Background and objectives: The pathogenesis and the optimal treatment of eosinophilic pleural effusions are unknown. We aimed to examine whether pneumothorax-associated pleural eosinophilia in mice is dependent on tumour necrosis factor (TNF)-alpha, and whether it is affected by systemic administration of corticosteroids.
Methods: Mice were injected intrapleurally with 0.4 mL air to create pneumothoraces. Animals were sacrificed 24 or 48 h later, and pleural lavage (PL) was performed. In the first experiment, comparisons were made between wild-type and TNF-alpha knockout mice with pneumothorax. In the second experiment, wild-type mice were injected intraperitoneally with different doses of dexamethasone (0, 0.25, 0.5 and 1 mg/kg), 5 min before and 24 h after the induction of pneumothorax.

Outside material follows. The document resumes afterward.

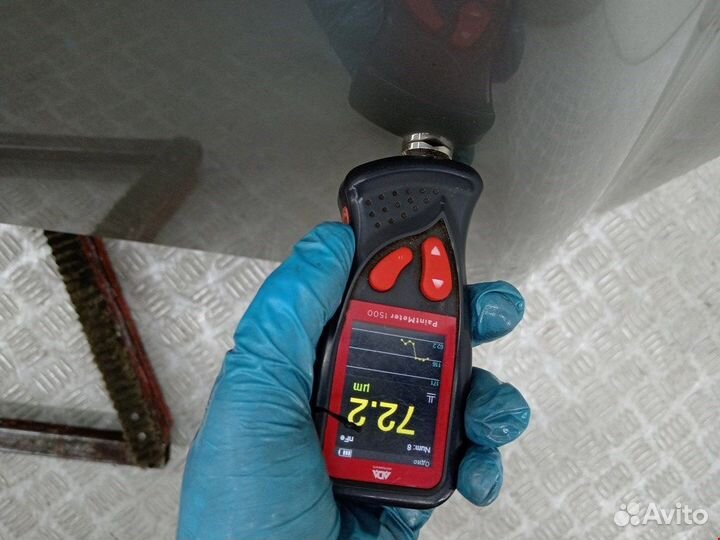 Капот для Peugeot-Citroen 308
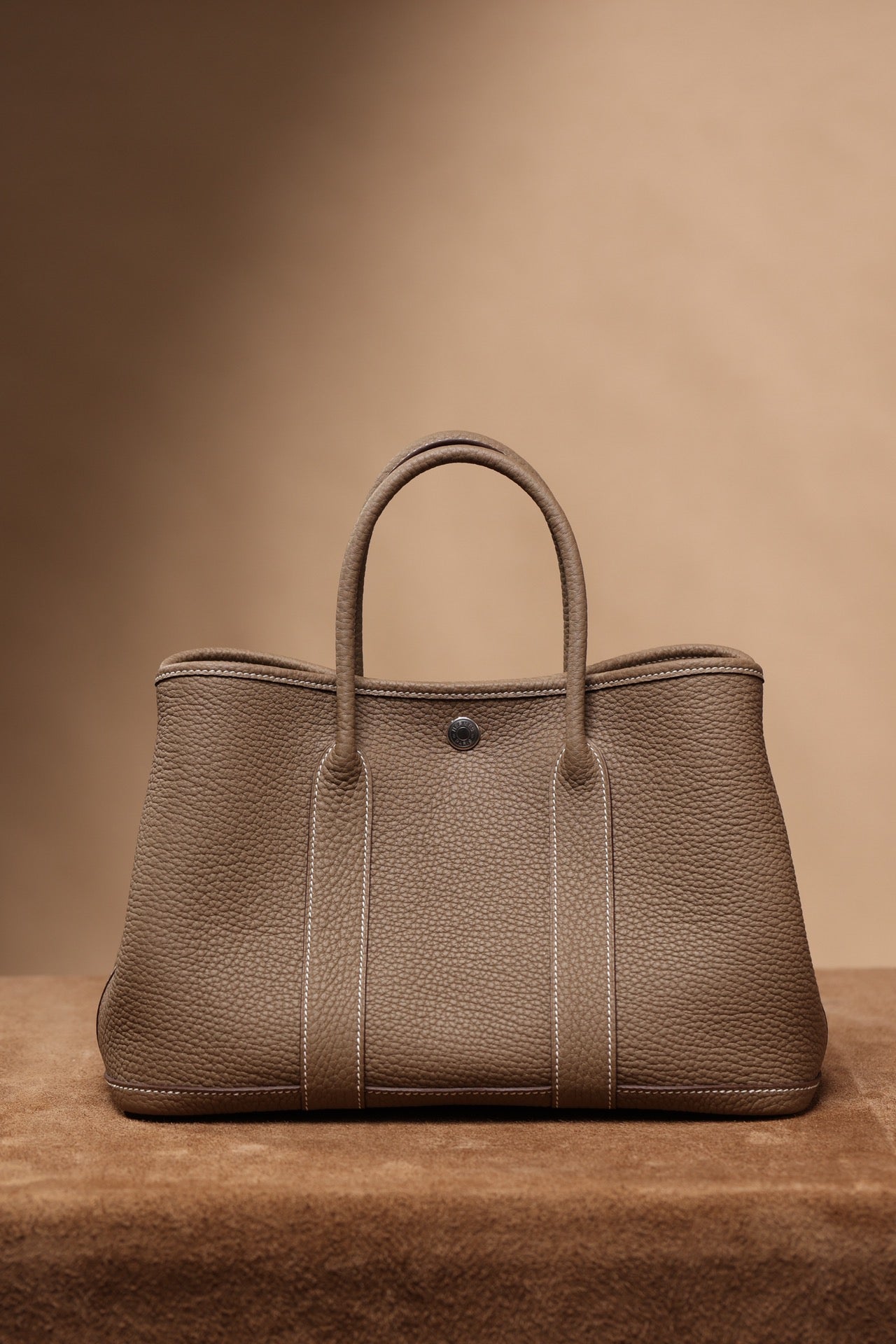 Hermès Garden Party 30 Handbag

Results: After induction of a pneumothorax, TNF-alpha knockout mice had significantly fewer total number of cells (P = 0.004), mononuclear cells (P = 0.01), neutrophils (P = 0.017) and eosinophils (P = 0.002) in their PL compared with wild-type animals. TNF-alpha was detected in the PL of most of the control mice but not in TNF-alpha knockouts. Dexamethasone induced a significant, dose-dependent reduction of PL total cells (P < 0.001), eosinophils (P < 0.001), mononuclear cells (P = 0.007) and lymphocytes (P = 0.04) at 48 h, and significantly reduced the number of PL total cells (P = 0.045) and eosinophils (P = 0.005) at 24 h. Furthermore, dexamethasone prevented eosinophil infiltration of lung and pleural tissue.
Conclusion: Pneumothorax-associated pleural eosinophilia in mice is TNF-alpha-dependent and is significantly attenuated by corticosteroid treatment. In addition, both TNF-alpha deficiency and dexamethasone treatment were associated with a significant reduction of other types of inflammatory cells in PL.